* YOUR GOAL
Go through the listing below, and from the line containing "Flachstrick-Poloshirt aus Baumwollmix" through its last line, transcribe every line exactly, skipping pictures.

* STORED DATA
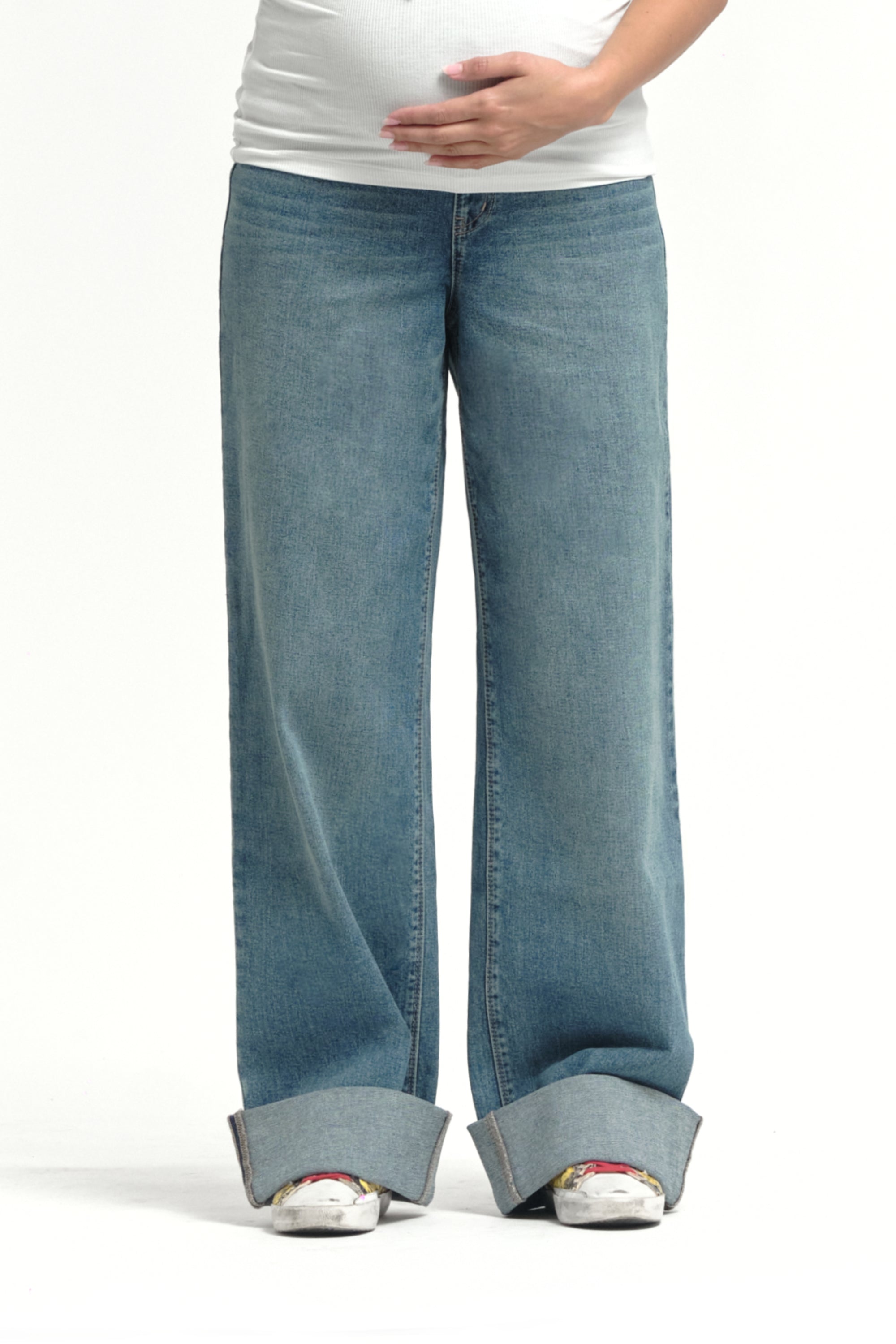 Over Bump Wide Leg Denim w/ Cuff - Yo Mama Maternity
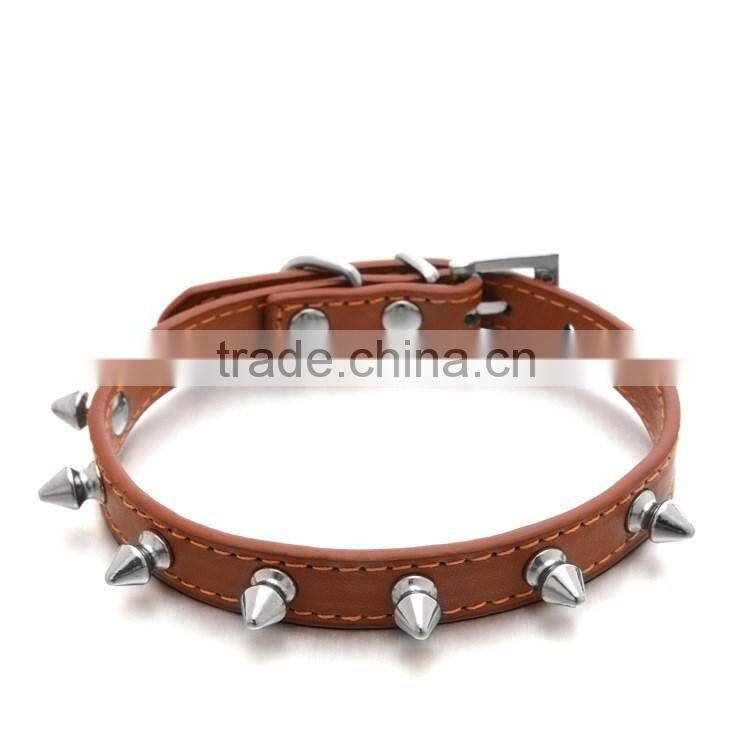 Wholesale pet supplies plain pet collars personality bullet nail dog collar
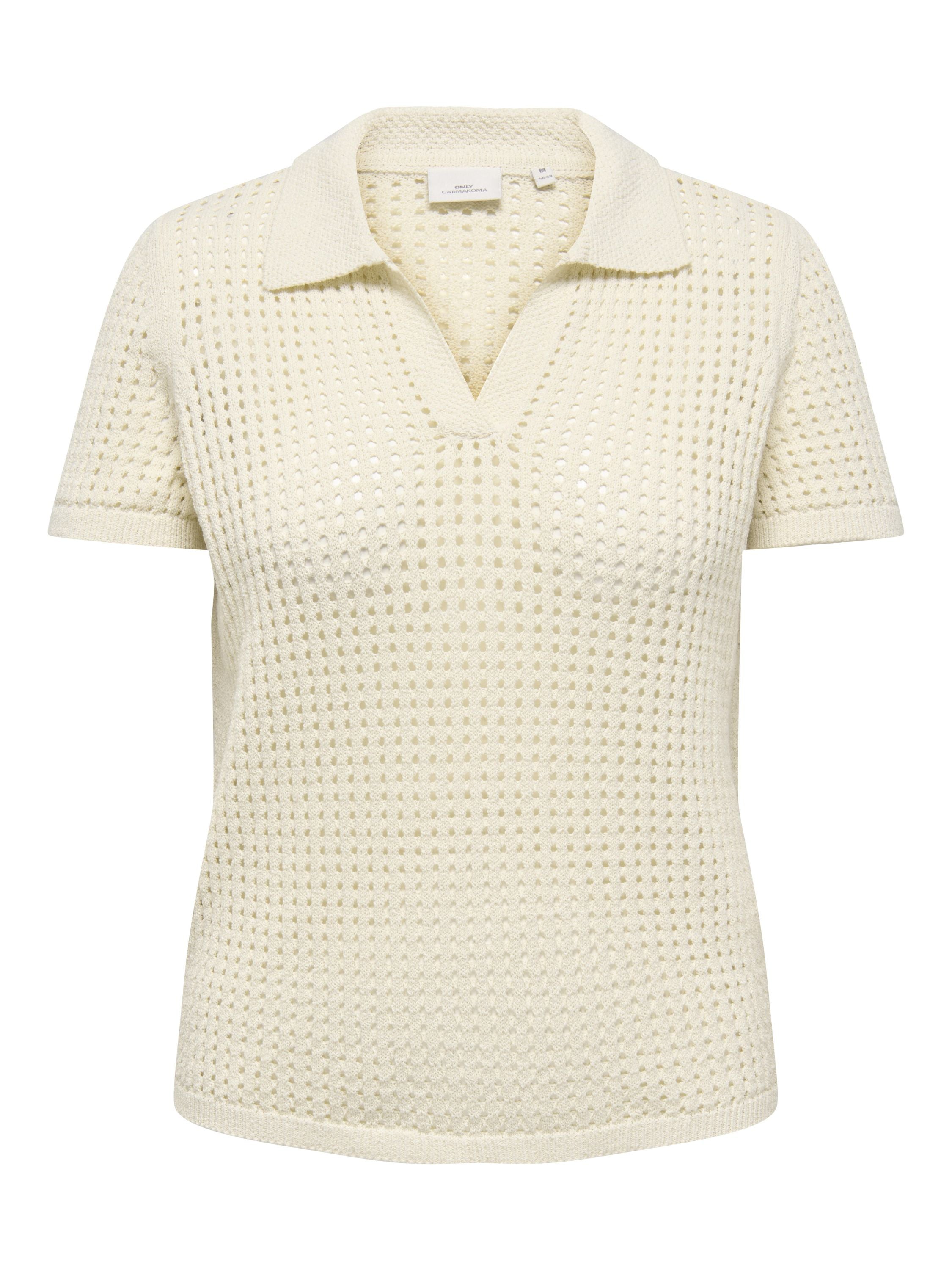 Flachstrick-Poloshirt aus Baumwollmix - Birch - Creme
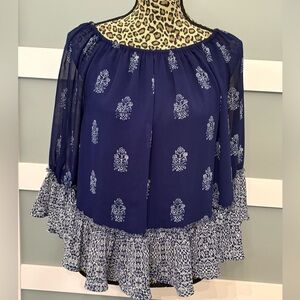 Lucky Brand Floral Indigo Blouse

* ANSWER AREA
 Flachstrick-Poloshirt aus Baumwollmix - Birch - Creme
 Lucky Brand Floral Indigo Blouse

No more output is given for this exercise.